Traditions

Faith Perspectives – April 11, 2018

By Rev. James Miller
Trinity Lutheran Church, Nashville

There was once a little girl who was helping her mom bake a sheet cake. The mother took the cake out of the oven, lifted it out of the pan, and placed it on the cake platter.
The daughter readied the frosting and knife, but first, without explanation, the mom cut off the end of the rectangle and slid it around the corner, facing a different edge, making the cake an unusual, blocky shape.
Curious, the daughter asked, “Why did you do that?” The mother stopped for a second, and replied, “I don’t know. That’s just how my mother always did it.”
Well, grandma lived a few blocks away, so after frosting the cake, the two of them drove over for a visit, bringing with them a piece of cake for grandma.
When the mom asked her mother why she always cut off the end her cake, she confessed, “I don’t know. That’s just how my mother always did it.”
Thankfully, great grandma was still alive and resided at the care facility across town, so the three of them packed up and paid great grandma a visit, also with a slice of cake in tow.
When the trio asked great grandma why she did it, she replied,
“Because my cake platter was too short to fit the cake!”
Traditions are good, but it’s a good idea to periodically ask why do we do this? Some traditions are useful (washing your hands before eating, exchanging Christmas presents) but some traditions don’t serve a purpose (cutting off the edge of a cake, washing a raw chicken).
At Trinity, I’ve raised the useful question about various activities around our church “If this program weren’t already going, is there a need great enough that we’d start it today?”
I don’t mean to be an impetuous, young upstart who hates tradition (I do love me some historic liturgy in the church!) but I do believe we should be good stewards of the resources God has given us.
If we’re wasting our resources on ineffective, useless activities, then we’re doing a disservice to our neighbor and our God.
Jesus understood this when He spoke to the Pharisees in Matthew chapter 12. “If any of you has a sheep and it falls into a pit on the Sabbath, will you not take hold of it and lift it out?
Pharisaical practice established traditions surrounding the Sabbath, extra laws of not lifting a finger on God’s day, all with good intention, but as Jesus points out, the tradition is bad.
Jesus shows the danger of mixing old traditions and the New Covenant in Christ in Luke 5:36-39 in the parable of new wine in old wineskins.
And He perfectly sums it up in Mark chapter 2: “The Sabbath was made for man, not man for the Sabbath.
We are not made to serve traditions, but traditions are made to serve us.
So ask yourself,

“Why do we open presents on Christmas Eve?”

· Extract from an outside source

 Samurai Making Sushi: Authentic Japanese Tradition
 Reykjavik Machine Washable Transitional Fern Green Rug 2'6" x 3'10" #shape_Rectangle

“Why do we hold meetings at this time?”

“Why do we sing these hymns?”

If the answer is anything but “because we’ve always done it this way,” then you’re on a right track.
Traditions are good, as long as they serve us well, and we’re not the ones serving them.

Alleluia, He is risen! (He is risen indeed, Alleluia!)
Thanks be to God that that is one tradition that never outlives it’s usefulness!